Taxi of Mum and Dad


Source: i (The paper for today)

New research of British drivers with school-aged kids has revealed that Mum and Dad’s “cabs” will rack up a staggering 3,084 miles a year- the same as driving from Land’s End to John O’Groats three times - including 673 miles on school runs, 367 miles to and from after school clubs, a staggering 484 miles to friends’ houses and 510 miles to parties.

On average, British parents spend 52 hours a month in the car ferrying their children around, including nine hours a month dropping and picking up the kids from school, five hours a month back and forth to after school clubs, a further four hours a month to parties and four hours a month to friends’ houses.

The study, by webuyanycar, found that UK parents spend up to THIRTY hours every month driving their little darlings to and from activities.

Despite all this, more than a half (57 percent) admit that their children NEVER say thank you for driving them around. Of those that are lucky enough to get a thank you, it happens an average of just twice a week.
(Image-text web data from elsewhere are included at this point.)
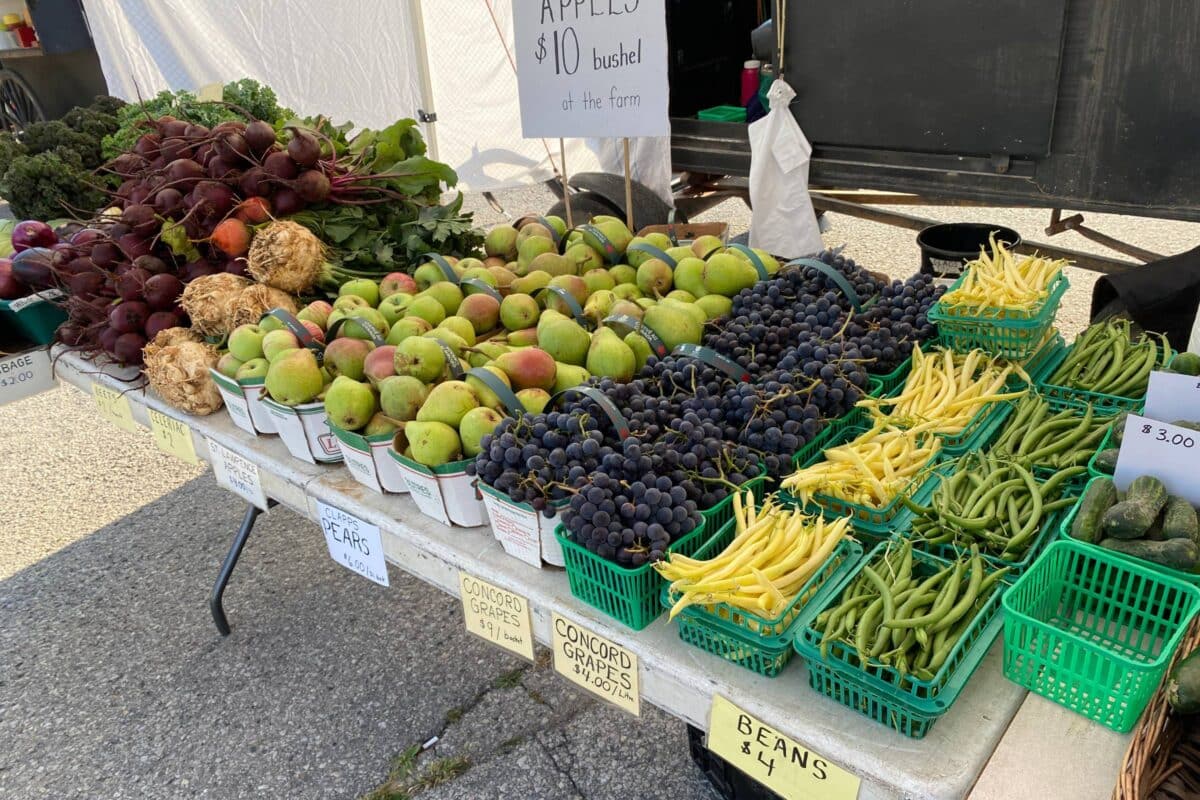 Elise Martin's Garden - Image Gallery - 3 - Elmira Farmers Market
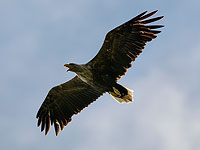 Орланы-белохвосты: гордые смотрители туманного Альбиона. Фоторепортаж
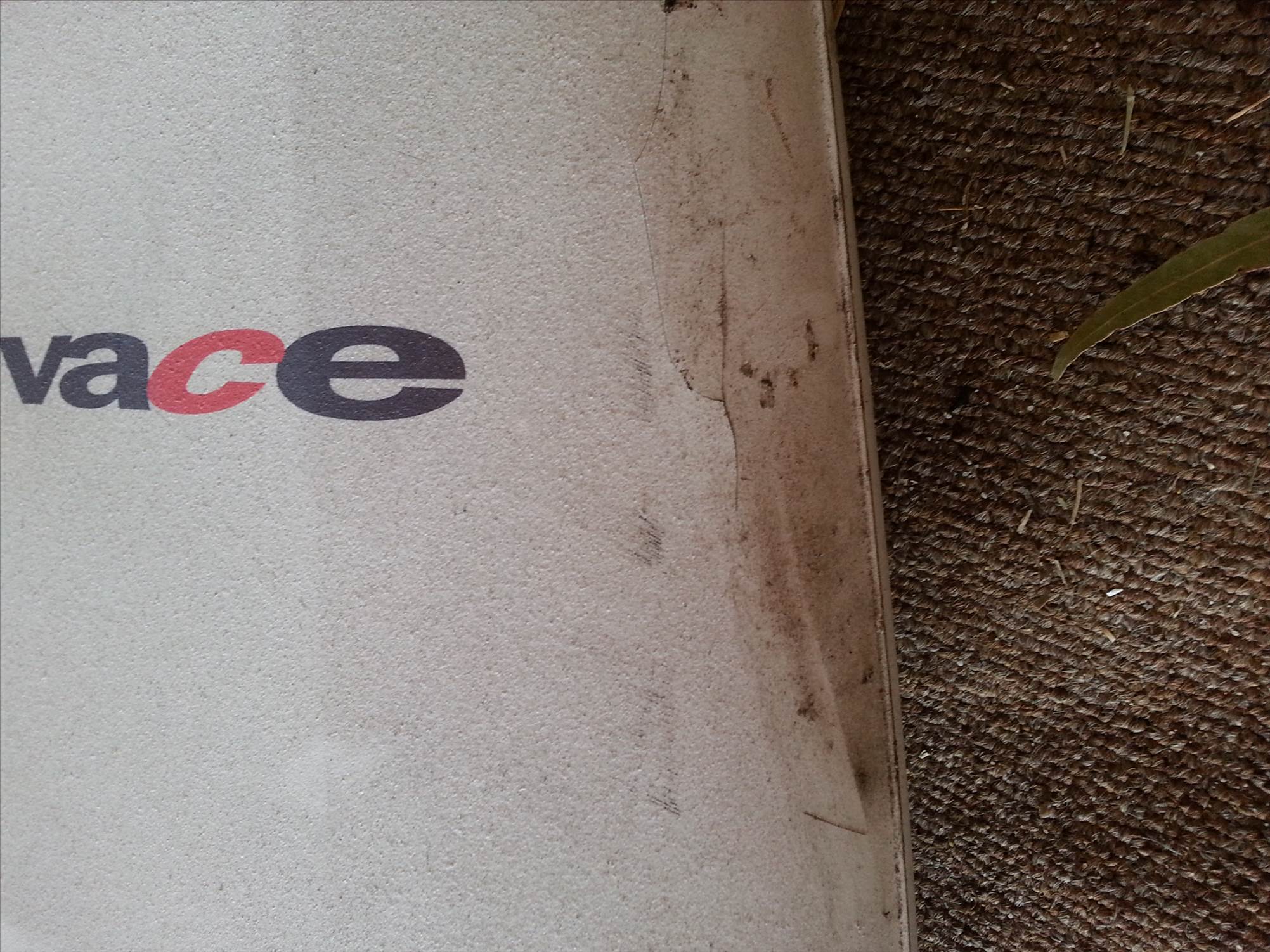 BIC Vivace 270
The study also found that parents will hear ‘are we there yet’ three times a week and that they are going too fast or too slow – once a week.

One in three (34 percent) say they spend more time driving their kids around, than using the car for their own purposes, and a third (35 percent) also admit that they feel like a taxi driver because they drive their children around so much. So much so that one in ten (11 percent) have even considered changing their job and working as a taxi driver.

Richard Evans, head of technical services at webuyanycar, said: “Many parents, grandparents and guardians will know all too well just how much they use their car to drive their children around, but we think most will be surprised by just how many miles Taxi of Mum and Dad wracks up each year! And while we might not be able to reduce the miles – or elicit a thank you from the kids – we can help with making selling your car quicker and easier so you can upgrade to something bigger, more comfortable or maybe more green this year to make all that driving feel a little better.”

Over half (55 percent) drive their kids around more than their parents drove them around.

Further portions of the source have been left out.